Indeed, the surrounding disparity, visible while teaching at the school, was something Turki remains acutely aware of. “South Africa is a beautiful country but like many destinations, when you visit on vacation, you only see the beautiful places. Even in Muizenberg, you can see the beaches with their restaurants and literally a few kilometers away are areas that feel like a different world.”
Turki underlined how very basic living standards such as access to water, or sheltered places to sleep, were in short supply. “These things you are aware of, through the media, through the Internet but witnessing it first hand, it really hits home.”
Joining him at the school were volunteers from all over – fellow students, working professionals taking time out, and even retirees still keen to give. “I may well have been the first Saudi to have volunteered at the school, it was great to engage with similar minded people from all over, including Spain, the United States and Australia, who had all come here with a sense of purpose.”

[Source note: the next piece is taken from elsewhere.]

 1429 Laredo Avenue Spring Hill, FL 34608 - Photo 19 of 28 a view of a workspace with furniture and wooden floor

“And for me building a strong personal connection with the children – to the point where they leave you messages, or ask how long you are staying for…it’s these small connections which had the greatest personal effect. Also the backgrounds they came from, often very harsh, gave the experience a great amount of worth.” Turki admits that it is definitely something that has resonated deeply, allowing him to recall his time in South Africa so vividly.
“I would certainly say to people around me that if you have the free time, just try something similar, as it changes perspectives, helps you develop as a human being.” He emphasizes how he has become far more appreciative in his day-to-day activities and continues valuing his experience, as it allowed him to see firsthand, the testing circumstances others face.

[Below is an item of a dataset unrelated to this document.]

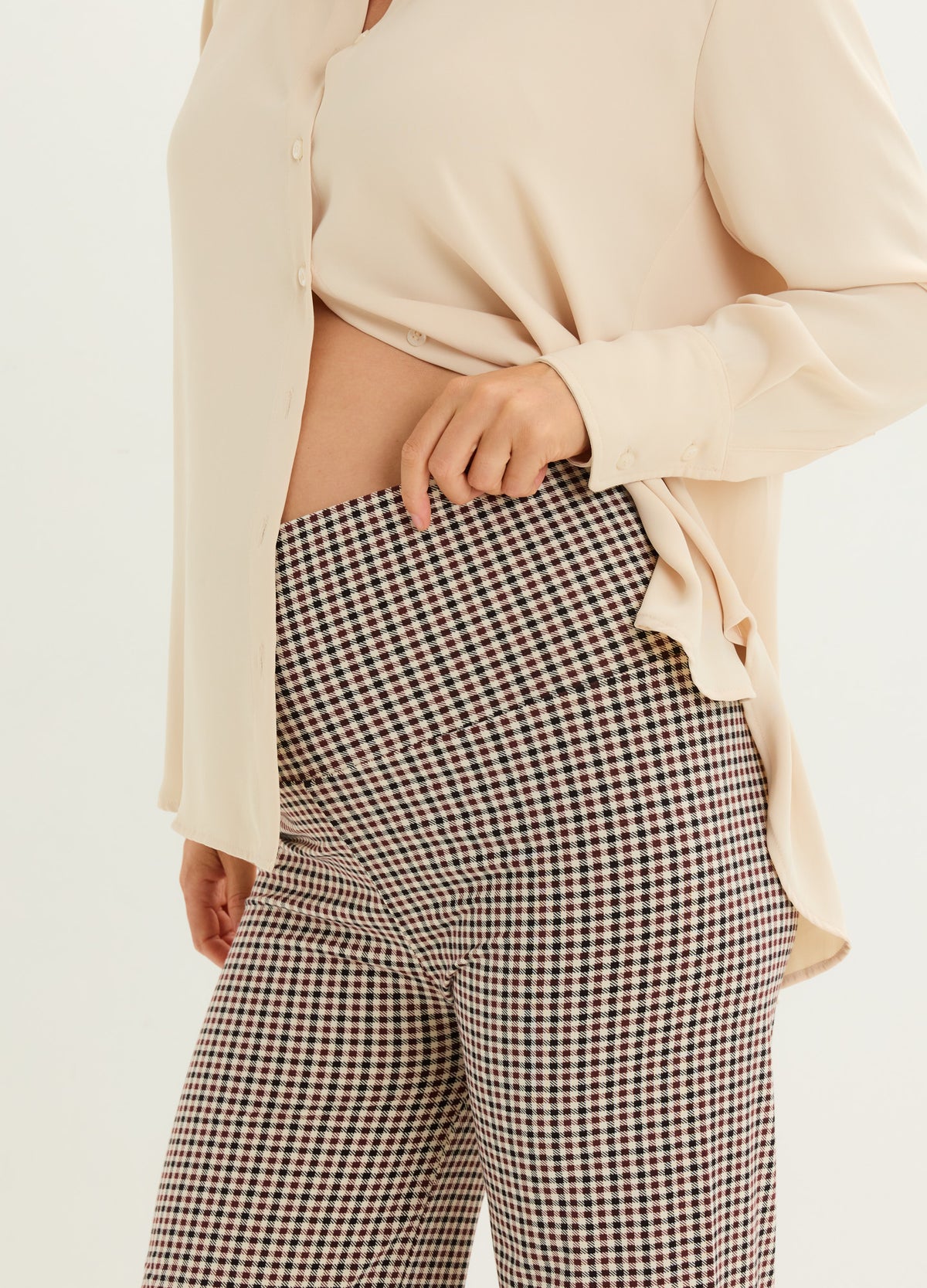 High-waist stretchy maternity pants with brown and cream houndstooth pattern, designed to fit over pregnant belly.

Turki has previously volunteered in the Kingdom, including raising awareness about major medical issues such as cancer, yet South Africa remains his most significant undertaking. “It was those one-on-one connections with the children, becoming deeper as time went on, that was the most important thing to happen. And I’m still connected,” he adds.
“I still exchange messages with the teaching staff I worked with and given the chance to volunteer again, I would want to return to Muizenberg, picking up where I left off.”
Turki’s time in South Africa speaks directly to Aramco’s value of citizenship, which includes giving up time and resource in support of people and causes who are less fortunate. Indeed, Aramco across all its locations, including Europe and the UK remains committed, through its students as well employees, to supporting good causes, underlining our role as a global citizen.